• REQUIREMENT: Where an image appears in the data, omit it and reproduce the rest exactly.

*** Opening SUPPLIED INFORMATION ***

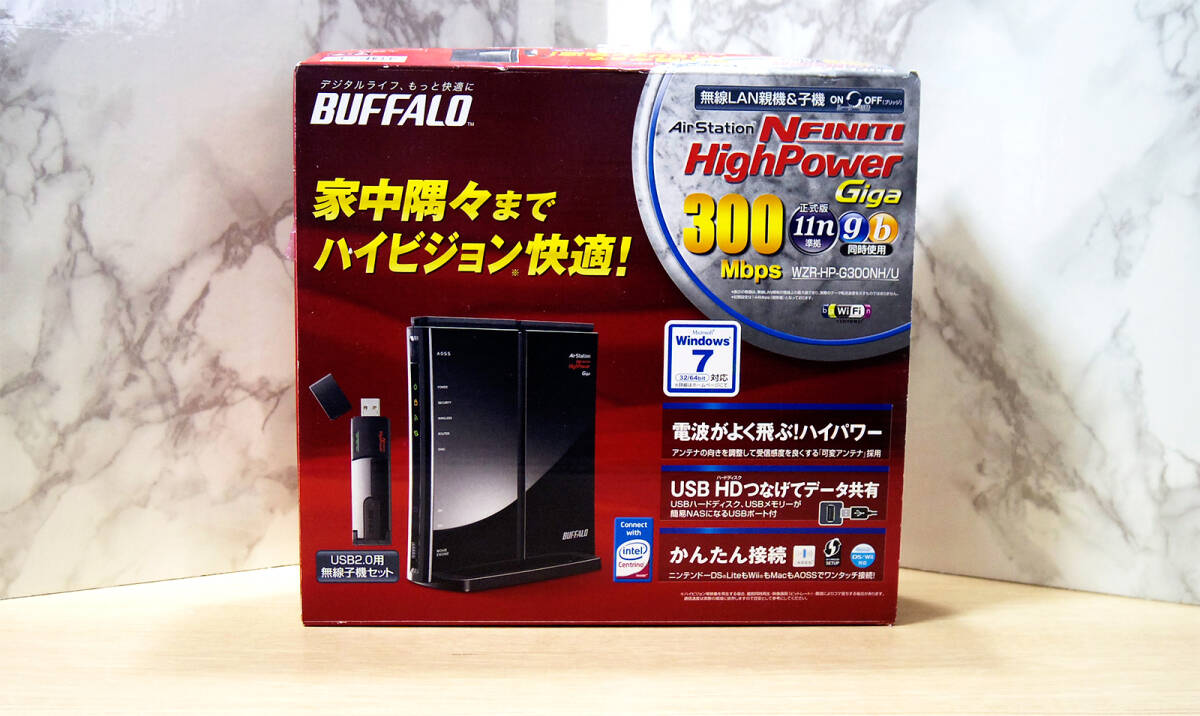 【BUFFALO】 無線LAN親機 バッファロー 無線LANルーター WZR-HP-G300NH/U_画像1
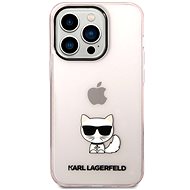 Karl Lagerfeld Choupette Logo Back Cover for iPhone 14 Pro Pink - Phone Cover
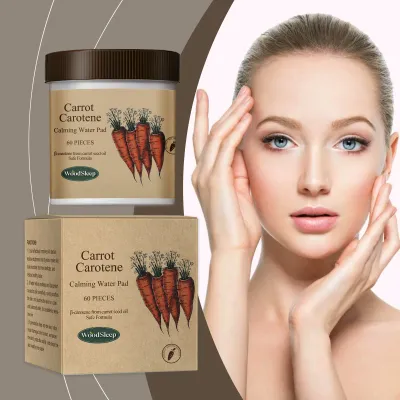 Carotenoid Calming Pads Repairing Damage Hydrating Smoothing Nourishing Firming Brighten Antioxidant Moisturizing Facial Mask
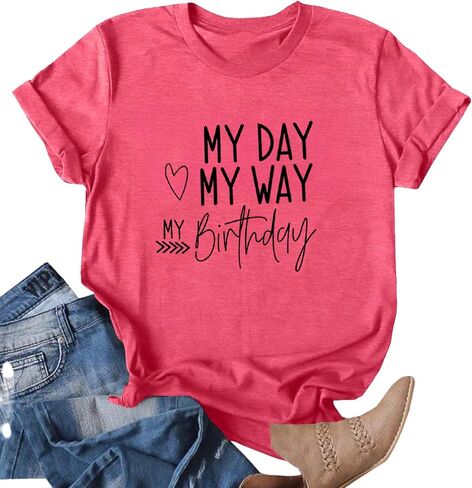 Birthday Shirt for Women It’s Me Hi I’m The Birthday Girl It’s Me Tshirt Funny Birthday Party Gift Tops in Saudi Arabia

*** Closing SUPPLIED INFORMATION ***

• ANSWER TO THE EXERCISE:
 【BUFFALO】 無線LAN親機 バッファロー 無線LANルーター WZR-HP-G300NH/U_画像1
 Karl Lagerfeld Choupette Logo Back Cover for iPhone 14 Pro Pink - Phone Cover
 Carotenoid Calming Pads Repairing Damage Hydrating Smoothing Nourishing Firming Brighten Antioxidant Moisturizing Facial Mask
 Birthday Shirt for Women It’s Me Hi I’m The Birthday Girl It’s Me Tshirt Funny Birthday Party Gift Tops in Saudi Arabia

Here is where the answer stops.